Food storage is similar to keeping a journal or finding another way to keep spiritual experiences. When a lack of food hits, we eat our food storage that we have saved for long periods of time. When we are faced with temptation, trial, and heartache, a journal can help us to recount the blessings of the Lord in our lives. Our faith is buoyed up by the remembrance of His goodness, and we are sustained until we overcome whatever is pulling us down.

Water storage could be like scripture study. The word of the Lord is the living water, and as we search, study, and pray, we fill up bottles to save against times of drought. I know that there have been many times when I could have made bad choices... but the Lord put into my mind a scripture I had read or a Primary song and turned my heart to Him. The temptation passed, and each time I realized how important it is to always have living water – the word of the Lord – on hand.

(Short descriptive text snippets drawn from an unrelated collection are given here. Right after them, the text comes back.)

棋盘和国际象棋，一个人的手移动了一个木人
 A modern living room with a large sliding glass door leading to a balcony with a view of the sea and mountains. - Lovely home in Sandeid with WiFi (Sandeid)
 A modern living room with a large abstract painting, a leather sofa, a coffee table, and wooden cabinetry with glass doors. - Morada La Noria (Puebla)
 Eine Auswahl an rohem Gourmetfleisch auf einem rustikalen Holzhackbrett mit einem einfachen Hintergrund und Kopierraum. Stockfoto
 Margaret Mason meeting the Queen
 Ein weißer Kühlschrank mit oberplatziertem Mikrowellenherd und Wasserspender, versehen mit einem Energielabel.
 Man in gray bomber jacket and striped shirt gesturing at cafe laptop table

Having a financial reserve could be similar to prayer. Money can be used in many different situations and can help to solve many other problems. When we develop a relationship with the Lord, He is able to bless us and guide us on the right path. And, amazingly, we can use prayer to influence and affect the lives of others. I know that many times I have felt the influence of the prayers of my loved ones... and received blessings because of their faith. When we or those around us are struggling, we can turn to the Lord and ask Him to bless, protect, and guide those who need His help.

And getting an education encompasses everything from weekly Church attendance to meaningful service to temple worship. The more we understand about the world, the better we are able to make cents in it. The more we understand about the Plan of Salvation and the Gospel, the better we are able to make sense of what happens in life. One speaker alluded to this fact when he said, “The happiest people have an ability to learn from the difficult times in life.”

Elder Costa of the Presidency of the Seventy was our presiding General Authority, since the Stake was being reorganized. His was the last address on Saturday evening, and his main theme, in his broken English, was, “Don't worry about the future.” “If you are obedient, God will take care of you.”

In a time when there is so much to worry about, with a struggling economy; a world full of wickedness, accidents, and illnesses; and constant questions about what tomorrow will bring, Elder Costa's remark brought me peace. Don't worry about the future. Prepare for the future. Do all you can to be ready for the future. Be ready for anything that could happen. But don't worry about the future.

My challenge for each of you is from Elder Costa's remarks – don't worry about the future. I realize that many of you are going through incredibly difficult trials... that try your faith, your patience, and your hope.  But I know that this is a true principle, no matter what is happening in life.  Not worrying doesn't mean that we don't do everything we can to prepare for it; it simply means that we have faith that the Lord will take care of us if we will do our part to the best of our ability. I know that Jesus Christ is our Savior. I know that He lived and died for us so that we could be eternally happy. If we will learn to turn to God and place our trust in Him, He will open our eyes and help us to be calm even in the face of the darkest storm. I know that everything through which we are passing will ultimately be for our good – the Lord doesn't err in His judgment, and He is completely in control. In the darkness, be a light - share the light of the Gospel with others – go out and be missionaries!